Ben Damla'yı kontrole götürdüğümde doktorumuza bu 2.5 yaş sendromunu sordum. Damla gayet hareketli mutlu bir bebek, sendrom olayına kafayı takmayın dedi. Her çocuk bu dönemi zor geçirecek diye bir kaide yok tabii. Ama ben yeğenimden biliyorum. Bazı durumlarda acayip öfkeleniyordu kendine zarar verecek kadar sonra bunu atlattı şükür.

Bu durumda sendroma 6 ayımız var, bu dönemin tadını çıkaralım, sonra ki 6 ayıda ana-kız sinir ve öfke krizlerine girmeden atlatırsak yırttık. Sonra da haydi yuvaya :)).

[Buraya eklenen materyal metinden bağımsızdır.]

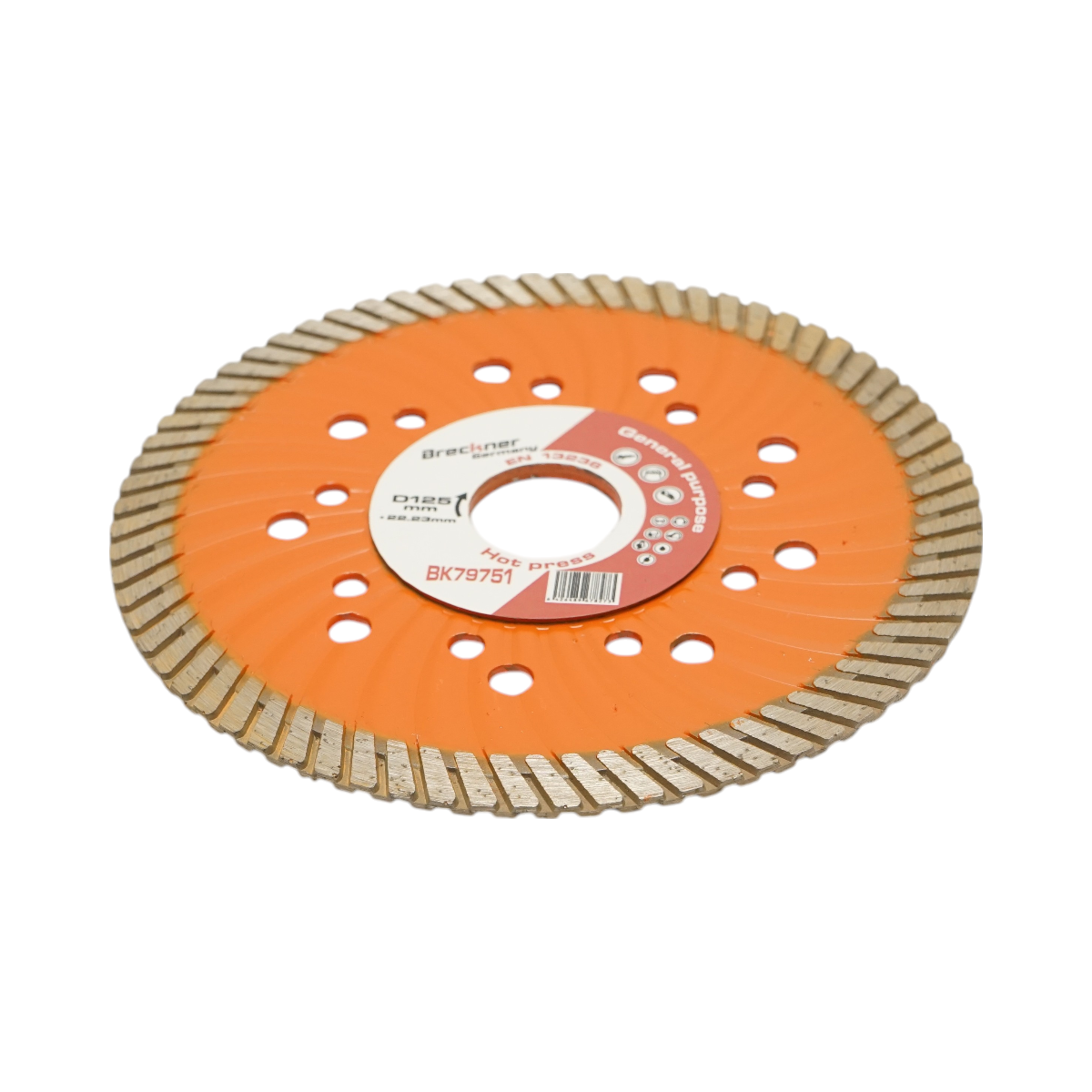 Gyémánttárcsa turbó 125x22.23mm, szegmens 10mm csempéhez, burkolólapokhoz, mozaikhoz, kemény kőhöz, márványhoz, gránithoz Breckner Germany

Yanlış anlamayın kızımı başımdan atmak değil niyetim o işin şakası. Öyle olsaydı şimdi bile verirdim yuvaya. Bu yaşta alan çok yer var. Ama bir çocuğun en azından 3 yaşına kadar evde bire bir ilgiyle büyümesi gerektiğini düşünüyorum. Çalışmak zorundasındır bırakacak kimsen yoksa o ayrı. 3 yaşından sonrada yuvaya gitmesi gerekir bence. Yarım gün şeklinde başlayarak alıştıra alıştıra yuvaya geçiş yapılmalı. Çünkü bu yaştan sonra evdeki aktiviteler pek yeterli olmuyor. Artık zamanımızda çocuklar daha erken yaşlarda eğitime ve sosyalleşmeye ihtiyaç duyuyorlar. Kısmet bakalım zaman ne gösterecek.

KIZIM SENİ ÇOK SEVİYORUM....



OKUNAN KİTAPLAR:
Çocuğumu Büyütüyorum - Laurance Pernoud
Çocuk Psikolojisi - Prof. Dr. Haluk Yavuzer

BUNALDIM YİNE :(

Tam iyilestik, ohh grip aşımızıda olduk dedik Damla pazartesi günü yine nezle oldu. Üç gündür onunla uğraşıyoruz. Ne güzel kurtulmustuk o sevimsiz şuruplardan spreylerden. Doğal olarak şimdi de içmeyi reddediyor artık. Bi ilaç içirene kadar üstümüz başımız batıyor. Burnuna sterimar sıkmak ayrı bi sorun 'anneciğim yapma burnum acıyo' diyip ağlıyor yavrum. üzülüyorum ama elden ne gelir, ilaçsız geçmez ki.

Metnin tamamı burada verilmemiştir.